L »objectif n’est pas d’atteindre l’invisibilité mais plutôt de ralentir la détection et l’identification de l’adversaire pour gagner quelques précieuses secondes. Il s’agit également d’améliorer la protection contre les munitions à effet dirigé ou planantes, mais aussi de réduire les effets du rayonnement solaire. Dans ce dernier cas, une réduction de 8° C est ainsi souhaitée. Enfin, outre la réduction de la signature thermique du véhicule, ces couvertures contribuent à maintenir à un niveau bas la température des charges et de l’intérieur de la cabine. Pourquoi protéger les charges ? « Parce que l’augmentation de la température peut avoir un impact négatif sur la précision du tir ». 

Essais, économie de guerre et évolutions

Le projet s’achèvera début février 2023. « Nous passerons ensuite à des tests. Nous allons comparer la cartographie thermique actuelle du véhicule avec celle obtenue une fois le kit installé pour déterminer le gain en terme de discrimination thermique », annonce Nexter. Conduite en 2023, cette campagne éprouvera aussi la solidité de la technologie par une série de tirs et de déplacements. Le tout permettra de vérifier le type d’attaches du manchon installé sur le tube et soumis à des contraintes particulièrement élevées. La commercialisation sera envisagée à compter de fin 2024.

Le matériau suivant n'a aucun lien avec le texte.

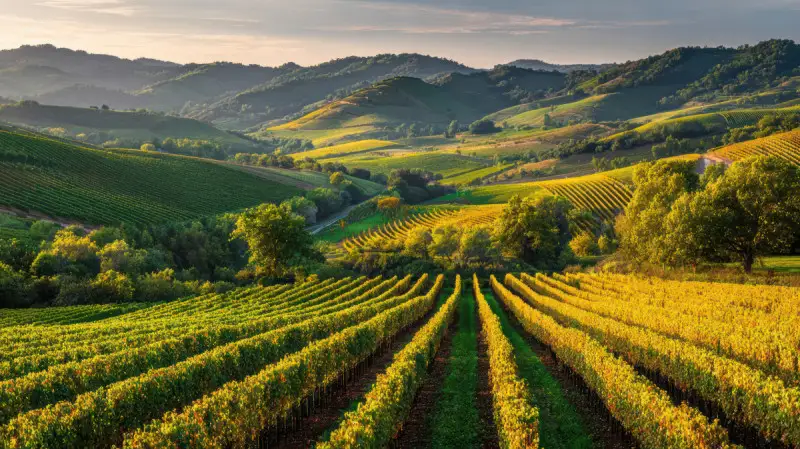 Settore vitivinicolo: proroga dello schedario viticolo
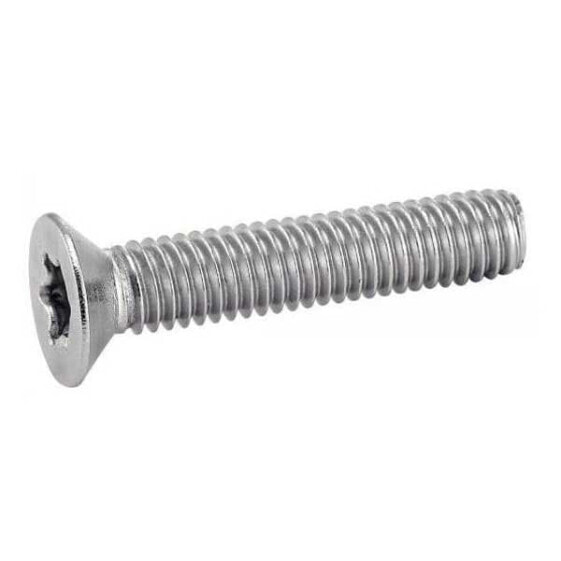 EUROMARINE ISO 14581 A4 M8x100 mm Countersunk Head Torx Screw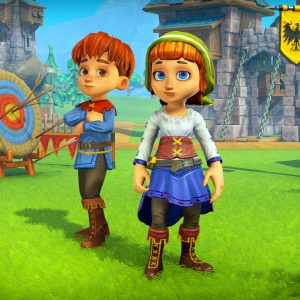 Farm Together - Chickpea Pack DLC EU PC Steam CD Key
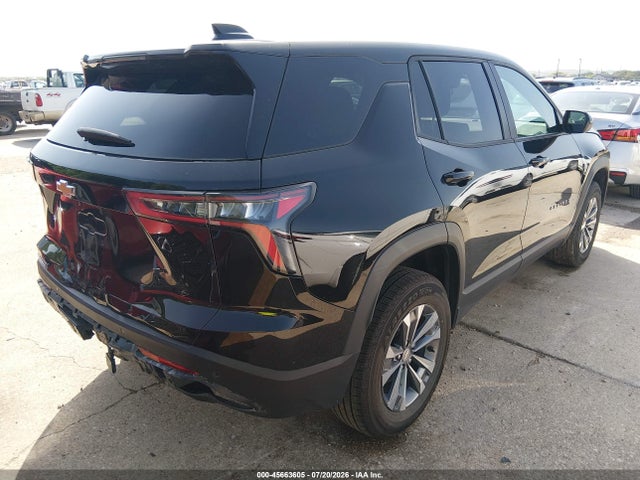 3GNAXHEG5TL294031 Chevrolet Equinox Fwd Lt
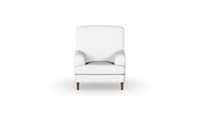 Isla - Armchair - Fully Upholstered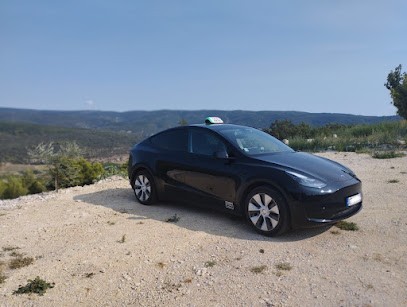 Taxi YAKA, Taxi à Malemort-du-Comtat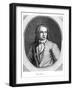 Jan Frans Van Son-Alexander Bannerman-Framed Art Print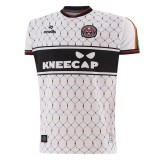 Kids Bohemian FC 2026 Away Jersey and Short Kit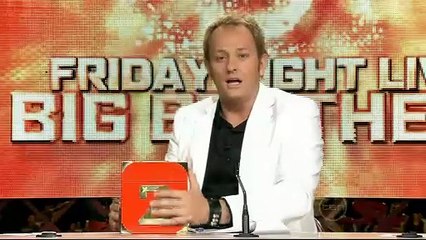 007-Big Brother Australia Season 07, Day 06b,Friday Night Live #1, Friday, 27 April 2007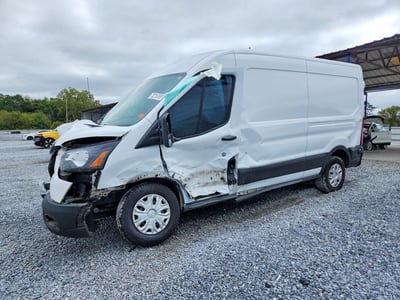 1FTBR1C8XNK****** 2022 Ford Transit Connect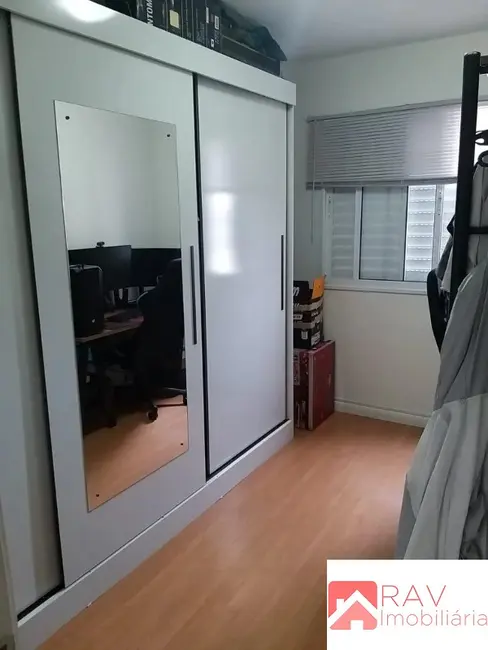 Foto 9 de Apartamento com 2 quartos à venda, 54m2 em Jardim Planalto, Jundiai - SP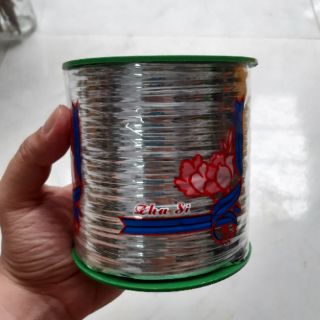 KẼM BÓ HOA ( cuộn nửa kg)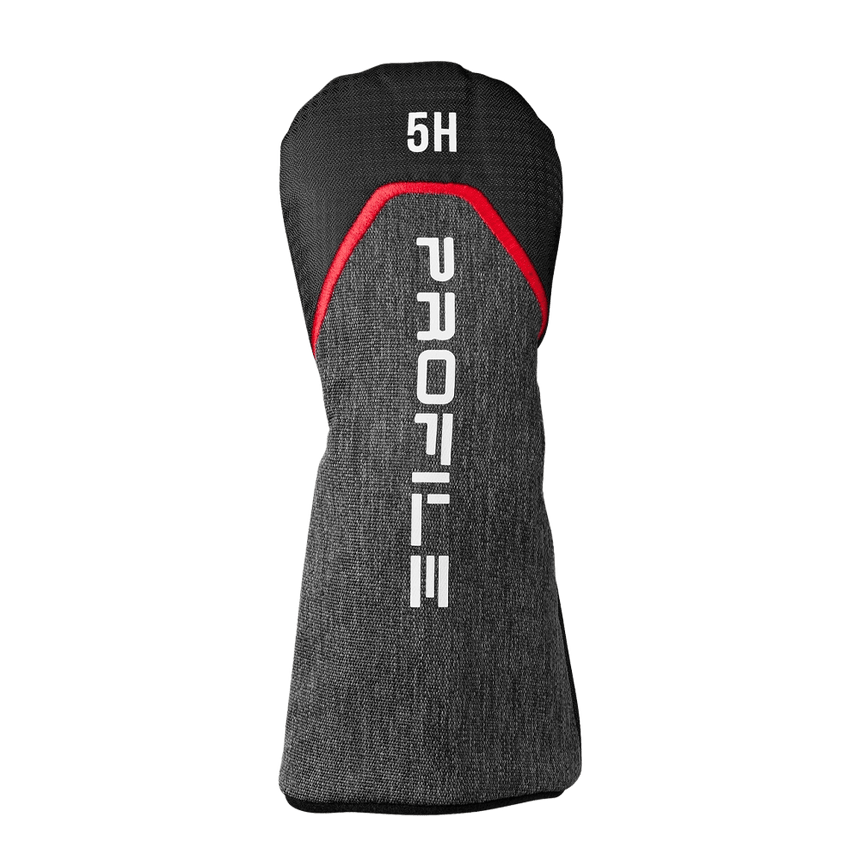 Wilson Profile Complete Set - Stand Bag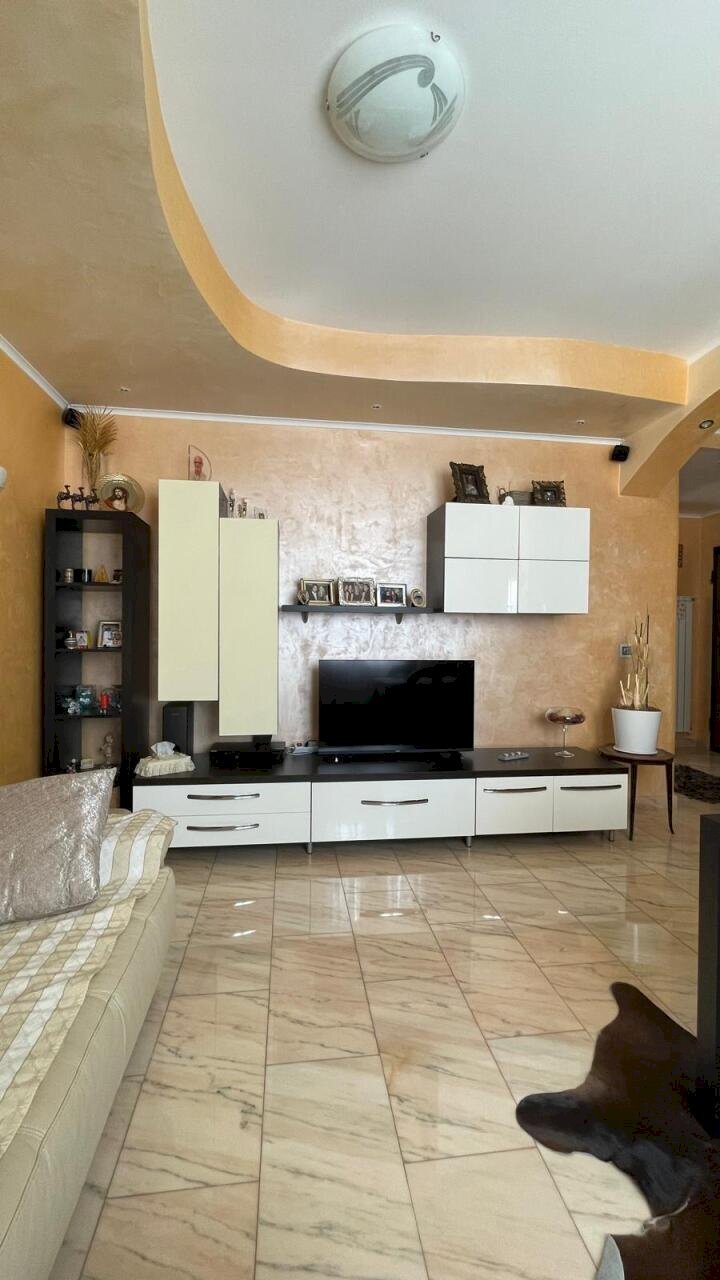 4.jpeg - Trilocale Via Zeffiro Massa 245, Sanremo - foto 3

Cette bâche est un premier pas vers une protection accrue du CAESAR, dont les exemplaires français recevront une nouvelle cabine blindée « Made in Nexter » dans le cadre du programme CAESAR Mk II. La réflexion se veut globale et, après avoir agi dans l’infrarouge, pourrait s’élargir à des solutions agissant dans le visible et dans le domaine électromagnétique. 

Après cette version initiale centrée sur le 6×6, Nexter envisage une adaptation pour la version export 8×8 du CAESAR, version vendue au Danemark et à la République tchèque et dont une partie des casiers de munitions et de charges est déjà équipée. Au-delà, ce système pourrait être proposé à des véhicules extérieurs au portfolio du groupe. La Finlande, par exemple, est demandeuse pour protéger ses nouveaux obusiers K9. 

L’industriel espère en parallèle « accrocher » le client national. Cible prioritaire et véritable « aimant à drones », l’artillerie « redécouvre » ses vulnérabilités une fois confrontée à un ennemi symétrique. Cette technologique, le groupe français la conçoit donc également comme une pierre à l’édification de l’économie de guerre souhaitée par le ministère des Armées. Un principe qui ne doit pas seulement anticiper l’attrition en produisant plus et mieux mais aussi contribuer à l’éviter, notamment pour ménager les flux de régénération en opération. 

Des discussions sont lancées avec le Battle Lab Terre pour éventuellement l’intégrer dans la suite du projet. Si celui-ci est « dans un premier temps » réservé à l’artillerie, Nexter n’exclut pas de l’adapter par la suite pour qu’il puisse répondre à l’enjeu similaire exprimé par la cavalerie, qui « a également besoin de limiter son empreinte thermique notamment face aux menaces de la troisième dimension ».